The ratio of Korean companies who have started the transition process to IFRS has increased significantly from 26.5% in January, 2009 to 75.1%, finds a survey conducted by the Financial Supervisory Service (FSS). The comparable figure is 66.1% for SMEs with less than 100 billion won in assets.
The FSS asked 1,925 companies which are required to adopt IFRS about the impact of the IFRS use, their preparation and their concerns in January, 2010. This is the second survey after the first one was conducted in January, 2009.
Of those who haven’t initiated the transition process yet, 93.9% are planning to take steps early half of this year. To help them fully prepared for IFRS adoption, swift action and management leadership are needed, says the FSS.

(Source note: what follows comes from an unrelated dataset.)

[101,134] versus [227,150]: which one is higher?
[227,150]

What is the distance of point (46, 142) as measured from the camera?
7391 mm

The FSS plans to strengthen assistance activities to make sure that companies can make a smooth transition to IFRS as Korea plans to make a full transition to IFRS next year.
As part of these efforts, the FSS will identify companies which haven’t initiated a transition process based on the surveys and statutory financial filings and monitor their progress going forward.
Also, in cooperation with related agencies including the Korea Listed Companies Association, the FSS will provide customized training to meet the needs of consumers, covering industry- specific accounting issues, IFRS adoption best practices and consolidated financial statements preparation.
The FSS says it will also strive to amend IFRS related regulations and laws in a timely manner including regulations on listing, disclosure and monitoring of financial soundness of financial companies. At the same time, by initiating the IFRS preclearance program, it will strive to help companies address challenges they face in adopting IFRS, rule-based regulations.